The 71-year-old and wife Marjorie still live in the north-east where son Phil’s passion for football grew from regular trips to Ayresome Park to watch Middlesbrough.
That area now claims the Bantams boss as one of their own – as the country take Bradford City to their hearts. Rarely, if ever, has a team gripped the national imagination in such a way before a cup final.
“It shows there is magic in football,” said the City manager. “The level of interest we’ve had is something I’ve never experienced before.
“My mum and dad have had reporters wanting to speak to them, the kids go to school and the conversation is all about the game. Friends of friends of friends want to talk about it, you walk in a pub or have a quiet coffee in a cafe and people are discussing Bradford City.
“We’ve got the club in the forefront of people’s minds again, not just within the city but the wider area. It’s brilliant after everything Bradford City have been through over the last ten years or so.”
Parkinson is not the flashy type who craves the limelight. While others will jump through hoops to get on TV, the man at the City helm is happy to let his team do the talking.
But that is not to say he cannot savour the feel-good publicity generated by an achievement that may never be equalled.
“You’ve got to enjoy it because you work towards moments like this. But you also try and keep your credibility and not throw yourself in front of every camera which comes your way.
“I’ve said many times that one thing that’s pleased me most about this is the way all the players have conducted themselves in the media. It’s just a great experience for them and myself and we’ve earned this.”
Parkinson’s pragmatic nature views Wembley as just the beginning. While his own future is still to be rubberstamped – City hope a deal will be done in the next couple of weeks – the building blocks are in place to secure the club’s position for many years to come.
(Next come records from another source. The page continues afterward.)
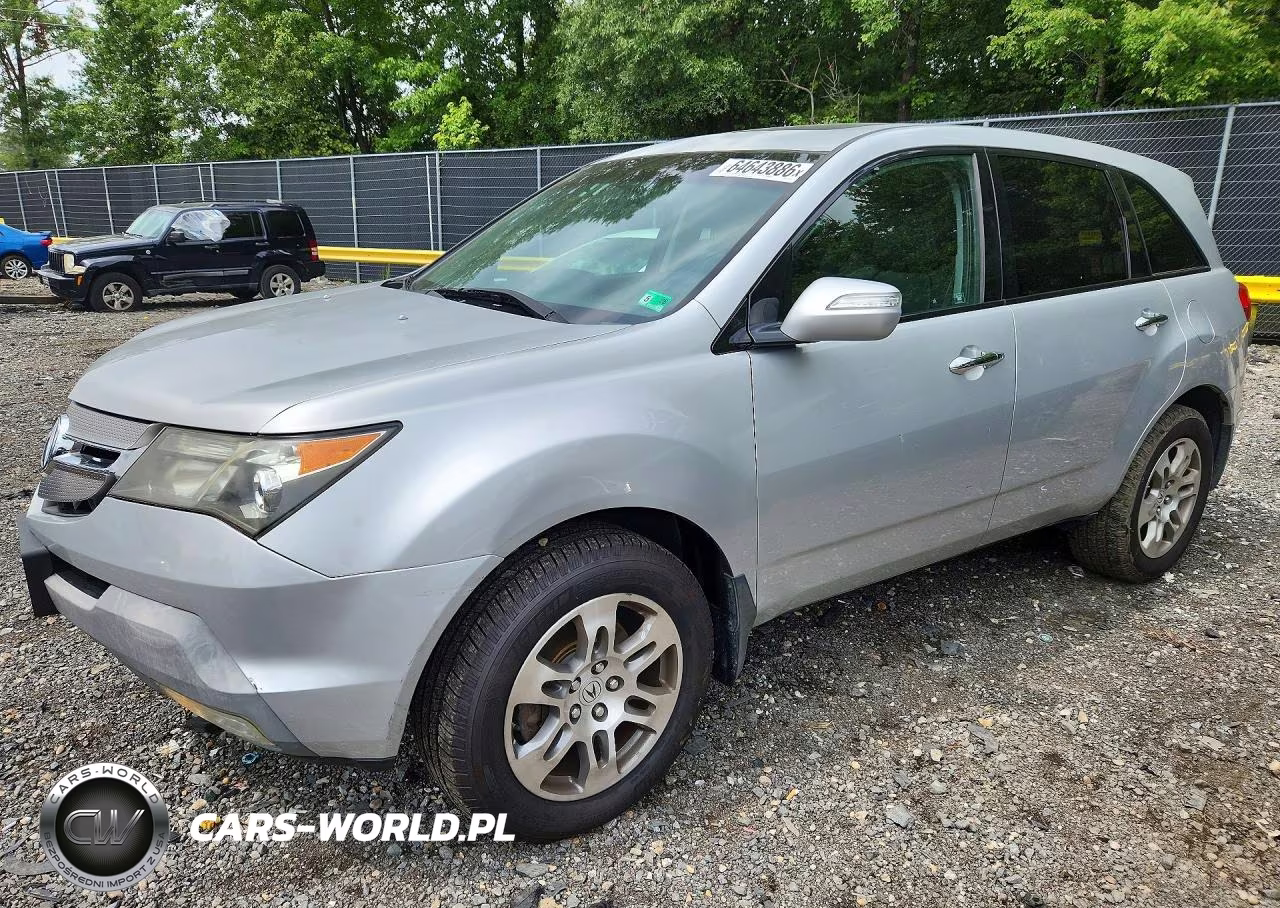 2009 Acura Mdx Technology VIN:2HNYD28669H517365 - 1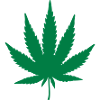 weed leaf design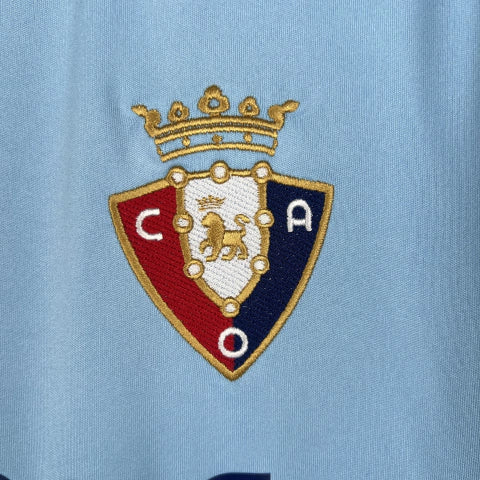 Camisa Osasuna Away II 2023/24 Adidas Torcedor Masculina - Azul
He added: “We’ve got to use this as the start. We’ve got to make sure that Bradford continue to stay in the spotlight for the right reasons which we will do.
“Swansea are a great example. Ten years ago they were on the verge of going out the league .
They’ve put a great structure in place and now find themselves in the Premier League after going through the divisions. We are trying to get the same infrastructure here.
“One day obviously I won’t be manager and the chairmen won’t be chairmen. But the base will be there to keep the club moving forward.
That’s what Mark Lawn and Julian Rhodes are trying to do. They are clearing the debt and will make sure in years to come this city’s got a successful football club.
“I do feel that’s happening. We are in a very good position and the finances generated from the cup will help that.”
The clamour for tickets is vivid proof of the potential size of City’s fanbase. With well over 30,000 making the trek south, others have still missed out on the golden ticket.
Parkinson said: “Those floating fans who may have thought of drifting away are coming back. Now let’s keep them.
“The support we’ve had from other clubs around the country has been quite extraordinary.
“But I suppose it is extraordinary what we have done getting to the final of a major cup competition. It’s absolutely unheard of for a team at this level.
“It’s something that nobody can ever take away from us whatever happens on the day.
“The chairmen must be very proud men. This is a special occasion for the Rhodes and Lawn families.
“They’ve done a great job in keeping this club’s head above water in some very difficult times.”